Hiperidrose Primária:  uma doença com características genéticas e diretamente relacionada com o estresse e a instabilidade emocional. Geralmente aparece na infância ou adolescência, é mais localizada nas mãos, pés, axilas, cabeça ou rosto. Geralmente estas  pessoas não suam quando dormem ou estão em repouso.

 

Ela afeta de 2% a 3% da população, no entanto, menos de 40% dos pacientes com essa condição buscam ajuda médica.

 

Na maioria dos casos de hiperidrose primária, nenhuma causa é encontrada, o que leva os médicos a acreditarem que trata-se de um problema hereditário.

 

Hiperidrose secundária generalizada: Costuma surgir na fase adulta, é causada por uma condição médica ou pelo efeito colateral de uma medicação. Ao contrário da primária, as pessoas com a secundária suam em todas as áreas do corpo ou em regiões incomuns.

 

Um outro diferencial entre os dois tipos é que no caso da secundária, as pessoas podem transpirar excessivamente também durante o sono.

 

Existem dois testes que são realizados para se descobrir a área específica da doença:

Teste do Amidoiodo, que consiste em aplicar uma solução de iodo na área suada e, após secar, o amido é aspergido sobre a zona. A combinação do amido e do iodo com o suor na região resulta na cor azul escura.

 

E o outro é o do papel de teste:  um papel especial que é colocado sobre a área afetada para absorver o suor e, depois, é pesado. Quanto maior o peso, mais suor acumulado.

 

Algumas condições que podem também causar hiperidrose secundária:

  • Condições associadas à ansiedade

  • Câncer

  • Determinados medicamentos e substâncias de abuso

  • Distúrbios de controle de glicose

  • Doença cardíaca

  • Hipertireoidismo

  • Doença pulmonar

  • Menopausa

  • Doença de Parkinson

  • Lesão na medula espinhal

  • Derrame

  • Tuberculose ou outras infecções

Estatísticas:

 

60% das pessoas com a doença são mulheres, enquanto os homens representam 40%.

Esses números são questionáveis, uma vez que  as mulheres procuram  atendimento médico com mais frequência do que os homens.

 

Sintomas:

 

O principal sintoma da Hiperidrose é o suor excessivo, seja localizado em algumas áreas como axilas, mãos, pés, rosto ou pelo corpo todo.

 

Tratamento:

 

O tratamento costuma ser clínico ou cirúrgico. Nos casos mais leves, ser utilizados medicamentos tópicos ou orais prescritos pelo dermatologista.

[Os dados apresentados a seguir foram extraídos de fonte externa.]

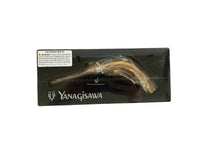 Yanagisawa A992 AWO20 Bronze Alto Saxophone Neck BRAND NEW!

Uma outra forma é a aplicação de toxina botulínica (botox) que também ajuda a controlar a sudorese excessiva.

E em quadros mais graves, porém, a disfunção pode exigir intervenção cirúrgica para a retirada das glândulas sudoríparas das axilas, ou de gânglios da cadeia simpática por via videoendoscópica.

Dicas:

 

As pessoas que tem hiperidrose podem diminuir a frequência de seus episódios por meio de algumas medidas: 
 

  • Evitar alimentos condimentados como pimentas;

  • Evitar ambientes muito quentes;

  • Evitar ganho de peso e situações de stress frequente.